Work request | Find "John Deere 4052R" and "45 Grams / 225" in the records below. Copy the lines holding them and every line between, exactly, and no others.

Records provided |
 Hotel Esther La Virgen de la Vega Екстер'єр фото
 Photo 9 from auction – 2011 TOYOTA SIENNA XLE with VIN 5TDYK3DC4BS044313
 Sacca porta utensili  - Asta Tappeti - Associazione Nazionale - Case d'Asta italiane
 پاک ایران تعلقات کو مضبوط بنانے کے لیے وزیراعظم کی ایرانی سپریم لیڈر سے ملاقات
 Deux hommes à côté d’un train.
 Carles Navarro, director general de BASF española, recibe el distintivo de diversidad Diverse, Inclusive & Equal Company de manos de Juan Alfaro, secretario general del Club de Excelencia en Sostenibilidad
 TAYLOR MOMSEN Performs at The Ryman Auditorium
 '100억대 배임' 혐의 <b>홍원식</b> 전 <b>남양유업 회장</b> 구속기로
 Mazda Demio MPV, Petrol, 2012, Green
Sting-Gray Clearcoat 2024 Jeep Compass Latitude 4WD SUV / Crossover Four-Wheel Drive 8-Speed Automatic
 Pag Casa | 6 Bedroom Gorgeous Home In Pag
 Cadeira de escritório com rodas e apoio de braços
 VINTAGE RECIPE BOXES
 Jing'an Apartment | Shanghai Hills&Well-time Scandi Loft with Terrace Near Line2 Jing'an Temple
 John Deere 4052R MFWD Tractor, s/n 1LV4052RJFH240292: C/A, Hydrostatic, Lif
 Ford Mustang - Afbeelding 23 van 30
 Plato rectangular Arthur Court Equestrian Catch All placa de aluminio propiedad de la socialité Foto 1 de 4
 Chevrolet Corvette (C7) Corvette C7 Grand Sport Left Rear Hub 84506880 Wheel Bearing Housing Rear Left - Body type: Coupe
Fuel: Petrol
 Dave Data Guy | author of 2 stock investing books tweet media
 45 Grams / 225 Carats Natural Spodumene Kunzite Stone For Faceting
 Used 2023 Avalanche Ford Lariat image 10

Exercise result |
 John Deere 4052R MFWD Tractor, s/n 1LV4052RJFH240292: C/A, Hydrostatic, Lif
 Ford Mustang - Afbeelding 23 van 30
 Plato rectangular Arthur Court Equestrian Catch All placa de aluminio propiedad de la socialité Foto 1 de 4
 Chevrolet Corvette (C7) Corvette C7 Grand Sport Left Rear Hub 84506880 Wheel Bearing Housing Rear Left - Body type: Coupe
Fuel: Petrol
 Dave Data Guy | author of 2 stock investing books tweet media
 45 Grams / 225 Carats Natural Spodumene Kunzite Stone For Faceting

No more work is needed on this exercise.